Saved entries
/---
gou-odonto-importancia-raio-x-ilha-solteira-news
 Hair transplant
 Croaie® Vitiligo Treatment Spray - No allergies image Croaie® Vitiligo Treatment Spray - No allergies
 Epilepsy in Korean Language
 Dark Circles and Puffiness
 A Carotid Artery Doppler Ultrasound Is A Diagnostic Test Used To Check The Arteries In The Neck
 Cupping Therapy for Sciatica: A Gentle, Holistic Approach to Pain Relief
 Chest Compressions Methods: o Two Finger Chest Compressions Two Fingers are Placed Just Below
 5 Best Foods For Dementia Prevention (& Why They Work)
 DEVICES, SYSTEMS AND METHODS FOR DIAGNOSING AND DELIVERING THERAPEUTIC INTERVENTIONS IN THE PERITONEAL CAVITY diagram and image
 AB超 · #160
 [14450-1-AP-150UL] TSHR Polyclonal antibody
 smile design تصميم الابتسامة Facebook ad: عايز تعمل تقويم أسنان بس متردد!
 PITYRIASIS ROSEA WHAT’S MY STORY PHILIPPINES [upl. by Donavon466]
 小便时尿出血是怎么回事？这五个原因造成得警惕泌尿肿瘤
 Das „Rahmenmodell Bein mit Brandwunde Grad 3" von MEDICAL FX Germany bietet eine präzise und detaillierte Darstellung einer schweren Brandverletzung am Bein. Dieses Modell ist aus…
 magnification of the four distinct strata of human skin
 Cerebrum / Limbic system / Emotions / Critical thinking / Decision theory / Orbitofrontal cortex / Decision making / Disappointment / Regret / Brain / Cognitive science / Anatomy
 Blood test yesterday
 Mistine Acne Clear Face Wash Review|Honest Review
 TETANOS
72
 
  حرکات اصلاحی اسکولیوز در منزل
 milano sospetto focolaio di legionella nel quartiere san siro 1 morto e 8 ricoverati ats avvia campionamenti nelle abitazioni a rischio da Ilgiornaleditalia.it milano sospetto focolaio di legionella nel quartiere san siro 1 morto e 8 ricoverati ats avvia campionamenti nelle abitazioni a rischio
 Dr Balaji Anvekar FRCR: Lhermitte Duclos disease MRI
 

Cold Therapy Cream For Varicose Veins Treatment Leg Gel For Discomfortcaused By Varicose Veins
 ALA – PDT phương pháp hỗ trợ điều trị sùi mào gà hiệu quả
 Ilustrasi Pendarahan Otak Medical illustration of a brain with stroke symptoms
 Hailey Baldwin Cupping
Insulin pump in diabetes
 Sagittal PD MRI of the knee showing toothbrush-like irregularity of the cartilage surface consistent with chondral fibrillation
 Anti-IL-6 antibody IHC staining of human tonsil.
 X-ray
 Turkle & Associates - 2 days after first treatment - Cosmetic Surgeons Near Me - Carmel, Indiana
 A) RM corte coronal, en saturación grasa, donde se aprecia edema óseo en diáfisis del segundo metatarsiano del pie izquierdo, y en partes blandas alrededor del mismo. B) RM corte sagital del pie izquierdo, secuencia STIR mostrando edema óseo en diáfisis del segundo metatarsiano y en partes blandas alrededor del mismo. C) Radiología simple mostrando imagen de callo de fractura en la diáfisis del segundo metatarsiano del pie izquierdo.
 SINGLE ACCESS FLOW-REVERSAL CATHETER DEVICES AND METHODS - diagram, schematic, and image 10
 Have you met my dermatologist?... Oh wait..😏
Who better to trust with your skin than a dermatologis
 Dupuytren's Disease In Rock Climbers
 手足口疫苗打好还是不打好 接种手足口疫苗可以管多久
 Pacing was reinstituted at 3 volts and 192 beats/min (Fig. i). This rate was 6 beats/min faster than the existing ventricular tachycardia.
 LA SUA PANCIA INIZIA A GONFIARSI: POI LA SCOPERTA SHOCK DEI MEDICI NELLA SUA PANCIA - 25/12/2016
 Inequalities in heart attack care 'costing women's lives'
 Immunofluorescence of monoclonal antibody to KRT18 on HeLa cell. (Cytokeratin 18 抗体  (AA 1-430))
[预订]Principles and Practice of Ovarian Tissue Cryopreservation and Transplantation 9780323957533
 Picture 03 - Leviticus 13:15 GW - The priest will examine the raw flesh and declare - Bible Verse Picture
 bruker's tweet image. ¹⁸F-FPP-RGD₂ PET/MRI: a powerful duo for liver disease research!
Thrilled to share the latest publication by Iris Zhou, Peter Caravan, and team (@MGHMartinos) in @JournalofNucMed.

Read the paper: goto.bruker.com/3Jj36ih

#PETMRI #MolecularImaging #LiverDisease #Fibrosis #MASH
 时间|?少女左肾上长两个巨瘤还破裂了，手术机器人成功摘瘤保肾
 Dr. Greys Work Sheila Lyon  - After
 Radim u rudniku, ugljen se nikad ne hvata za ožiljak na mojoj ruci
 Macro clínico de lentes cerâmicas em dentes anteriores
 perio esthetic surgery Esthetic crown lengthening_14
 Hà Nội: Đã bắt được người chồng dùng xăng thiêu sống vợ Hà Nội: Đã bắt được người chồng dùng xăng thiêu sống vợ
\---
*EXERCISE AIM:* When a line of the records above contains the string "bruker", count it once; then give the total and nothing else.

*COMPLETED TASK:* 2